▶ **Provided information**:
- - - -
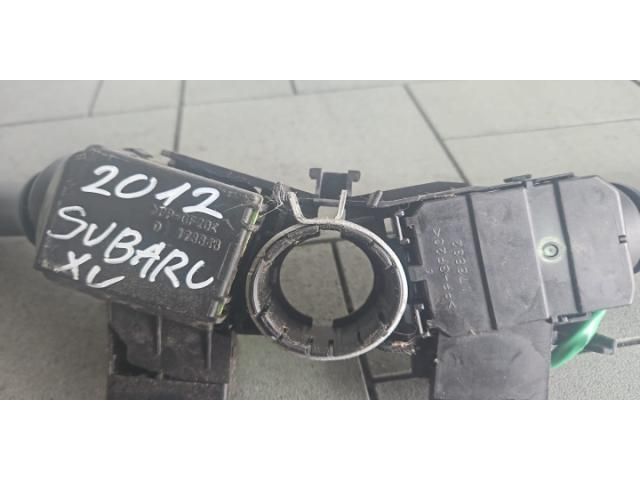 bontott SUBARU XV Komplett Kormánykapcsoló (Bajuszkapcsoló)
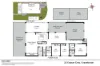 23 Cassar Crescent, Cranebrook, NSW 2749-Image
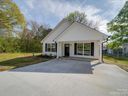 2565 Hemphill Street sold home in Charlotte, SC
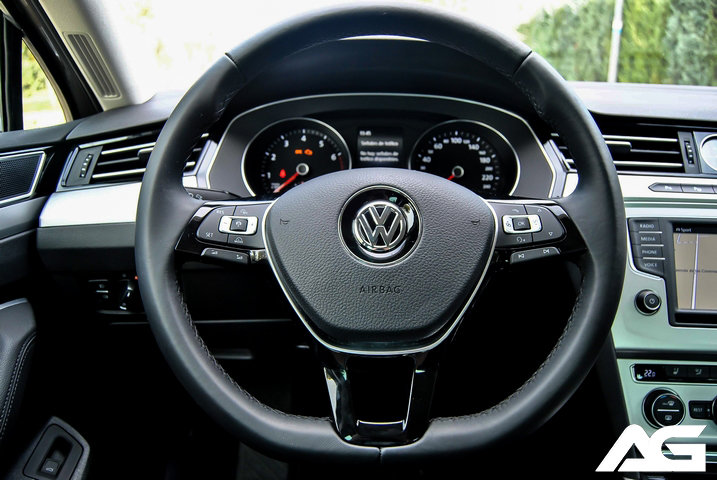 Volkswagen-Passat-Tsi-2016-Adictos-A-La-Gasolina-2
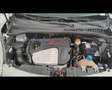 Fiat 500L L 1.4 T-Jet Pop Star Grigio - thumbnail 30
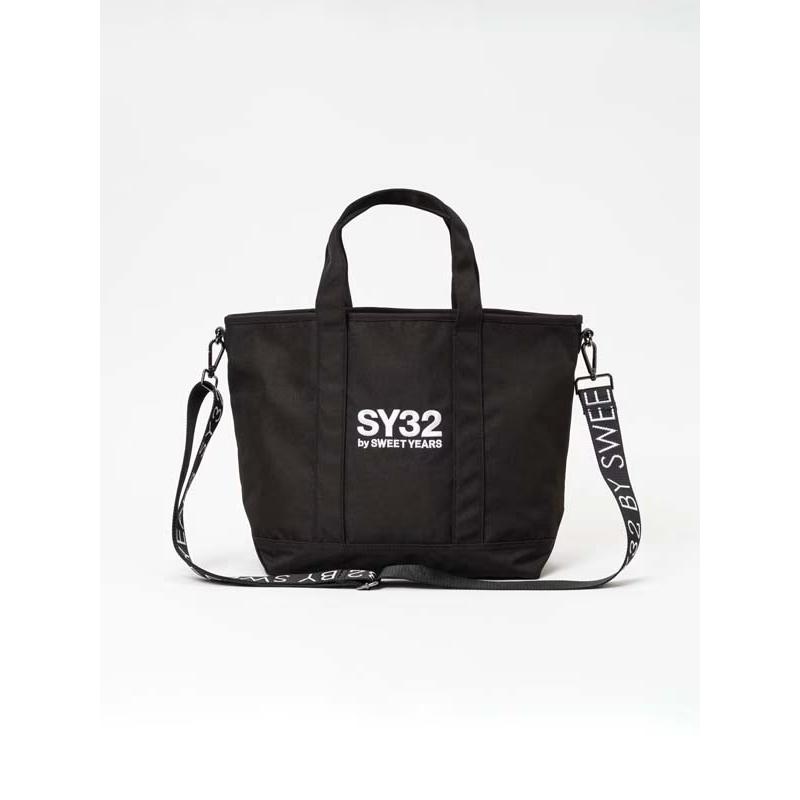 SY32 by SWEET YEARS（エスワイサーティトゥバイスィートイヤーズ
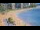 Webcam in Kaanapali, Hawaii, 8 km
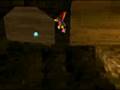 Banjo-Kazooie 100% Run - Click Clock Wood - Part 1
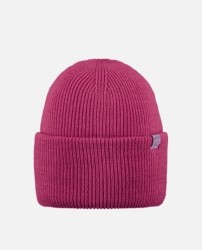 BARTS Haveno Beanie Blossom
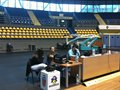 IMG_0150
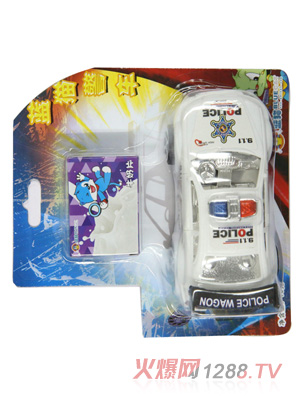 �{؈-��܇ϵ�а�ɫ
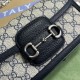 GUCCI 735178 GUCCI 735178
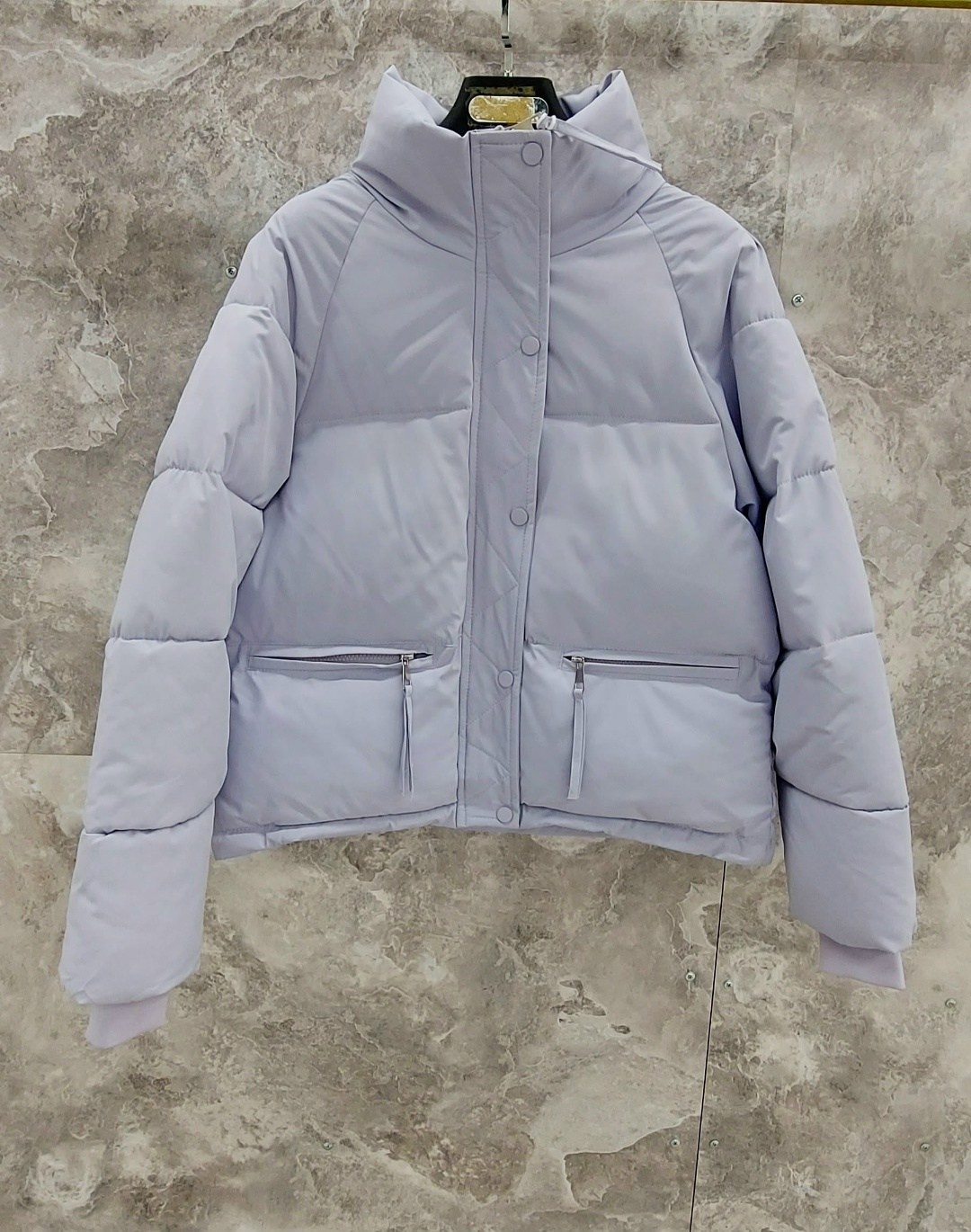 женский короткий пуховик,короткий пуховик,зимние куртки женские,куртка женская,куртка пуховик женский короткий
- - - -
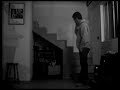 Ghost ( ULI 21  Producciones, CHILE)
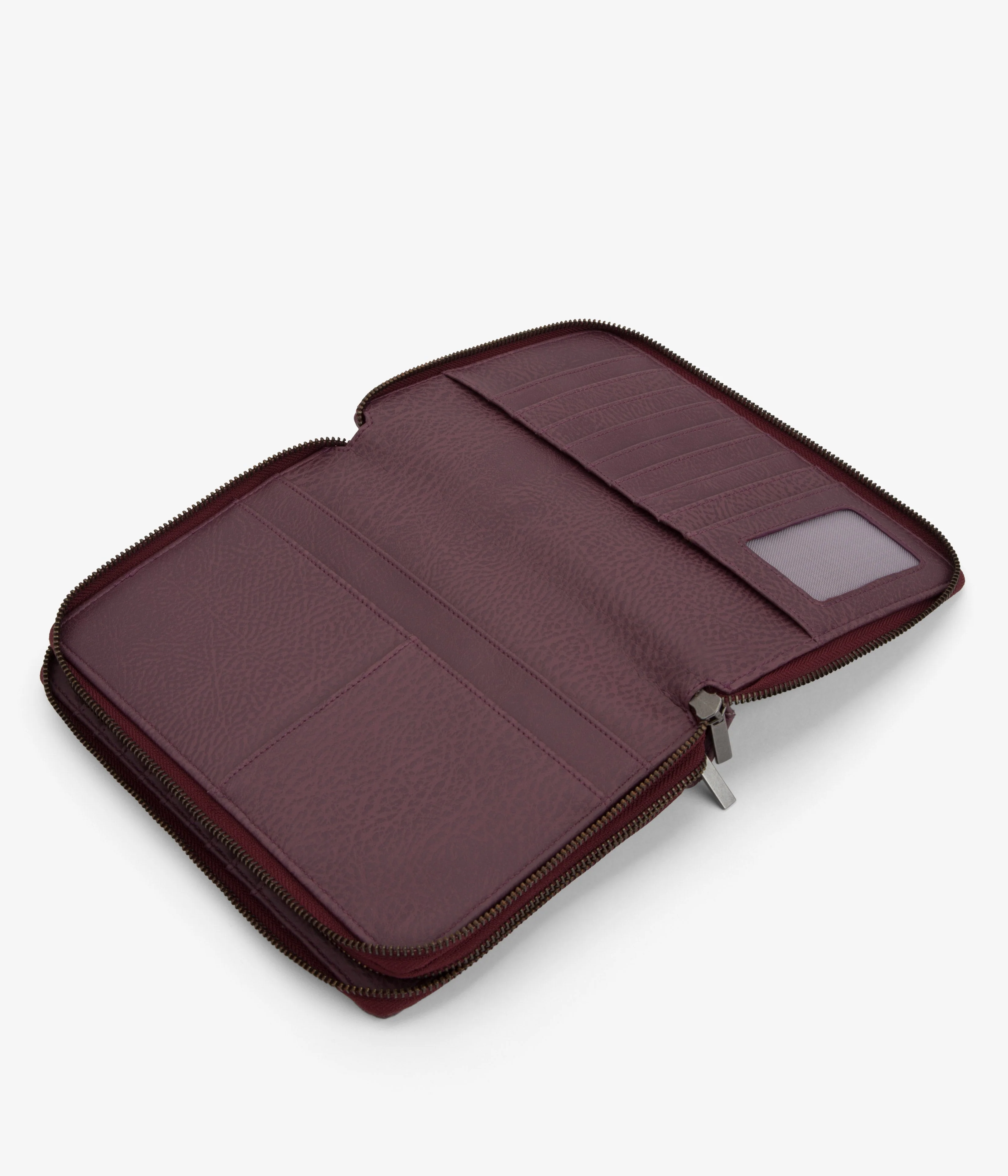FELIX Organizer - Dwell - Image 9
- - - -
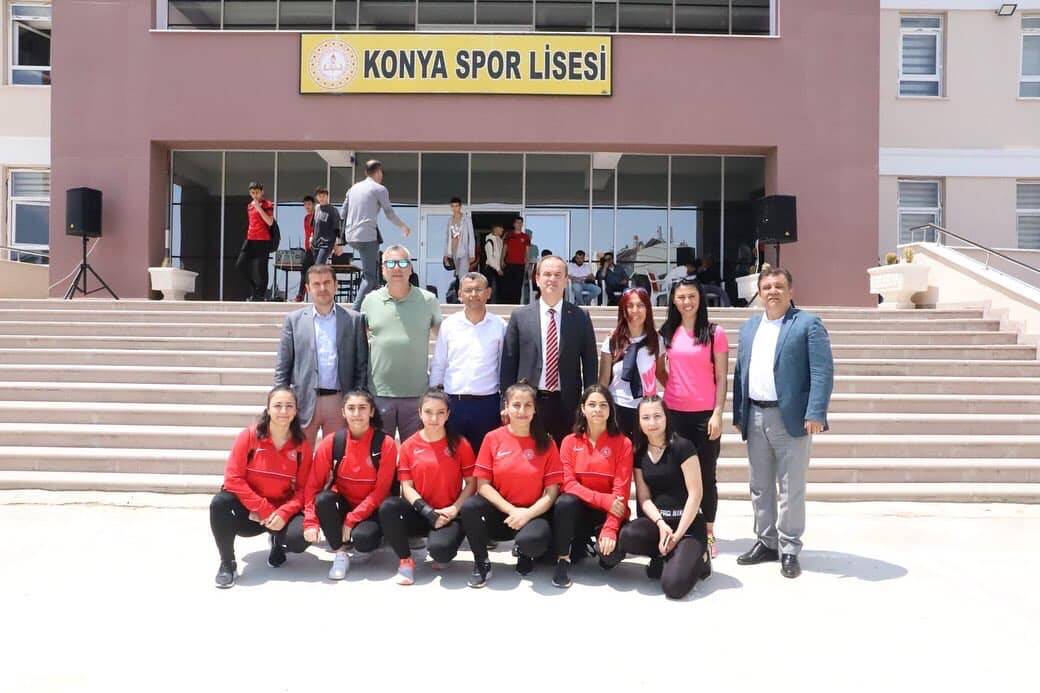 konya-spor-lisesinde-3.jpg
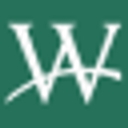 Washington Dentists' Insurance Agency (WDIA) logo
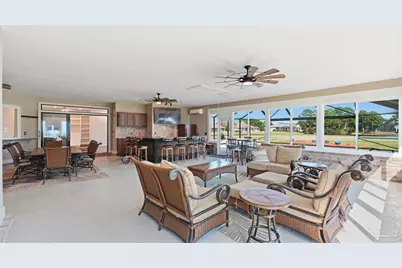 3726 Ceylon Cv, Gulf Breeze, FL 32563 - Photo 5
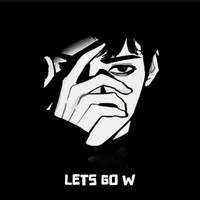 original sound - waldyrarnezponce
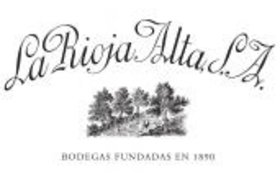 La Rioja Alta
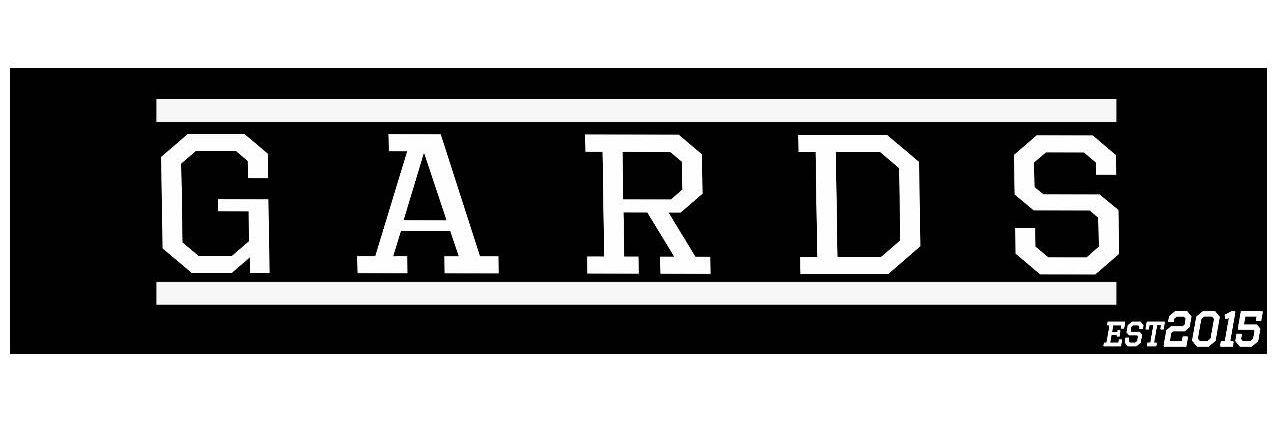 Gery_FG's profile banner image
- - - -
▶ **Work to complete**:
Of all the material above, only the lines from the one that has "2565 Hemphill Street" down to the one that has "женский короткий пуховик,короткий" are to be written out, exactly and with both ends included. Pictures are skipped.

▶ **Output**:
 2565 Hemphill Street sold home in Charlotte, SC
 Volkswagen-Passat-Tsi-2016-Adictos-A-La-Gasolina-2
 Fiat 500L L 1.4 T-Jet Pop Star Grigio - thumbnail 30
 SY32 by SWEET YEARS（エスワイサーティトゥバイスィートイヤーズ
 Webcam in Kaanapali, Hawaii, 8 km
 Banjo-Kazooie 100% Run - Click Clock Wood - Part 1
 BARTS Haveno Beanie Blossom
 IMG_0150
 �{؈-��܇ϵ�а�ɫ
 GUCCI 735178 GUCCI 735178
 женский короткий пуховик,короткий пуховик,зимние куртки женские,куртка женская,куртка пуховик женский короткий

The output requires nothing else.